Questions & Answers

Clinical Proteomic Technology Assessment for Cancer (CPTAC) program


1. What is "proteomics"?

2 .How does studying the proteome compare to studying the genome?

3. What are some of the technologies used in proteomics research?

4. What are the challenges with using MS?

5. What does NCI hope will be accomplished at the end of this program?

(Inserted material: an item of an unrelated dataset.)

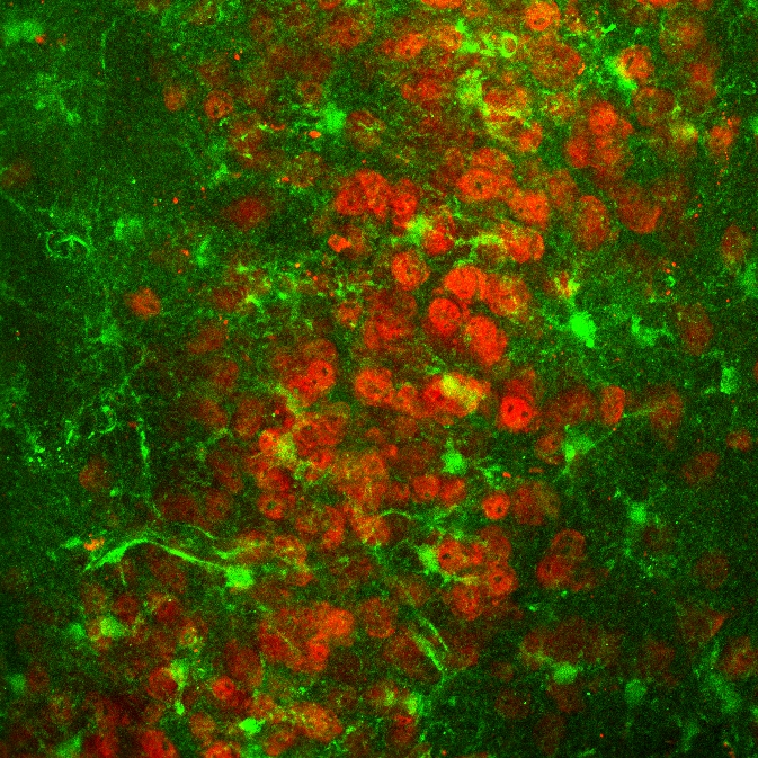 Astrocytes and neurons in the piriform cortex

  1. What is "proteomics"?

    The term 'proteome' was first used in 1994 to refer to all the proteins in a cell, tissue, or organism. Proteomics refers to the study of the proteome. Because proteins are involved in almost all biological activities, including disease, the proteome is a critical target for understanding how disease arises and how to prevent it.

    Protein scientists pursue many avenues of inquiry about proteins, working to determine their function and amino acid sequence; their three-dimensional structure; how the addition of sugars, phosphates, or fats affects protein function; and how proteins interact with other molecules, including other proteins. Some researchers focus on the proteins present in particular parts of the cell such as the outer cell membrane, the nucleus, the cytoplasm (the region of the cell outside the nucleus), or the nuclear membrane; others analyze protein-protein interactions in a particular cell or organism; some study the differences between the proteins present in diseased vs. healthy cells.

  2. How does studying the proteome compare to studying the genome?

    The total number of proteins in human cells is estimated to be between 250 thousand to one million, of which only a small percentage has been sequenced or identified. The complete proteome has not been characterized for any organism. In contrast, the genome (the entire set of genes) for several organisms has been sequenced, including humans. The human genome is estimated to contain about 21,000 protein-encoding genes.

    Besides the disparity in numbers of proteins and genes, another important difference between the genome and proteome is that the genome is static and relatively unchanged from day to day. Cellular proteins, on the other hand, are continually moving and undergoing changes such as binding to a cell membrane, partnering with other proteins, gaining or losing additional chemical groups, or breaking into two or more pieces.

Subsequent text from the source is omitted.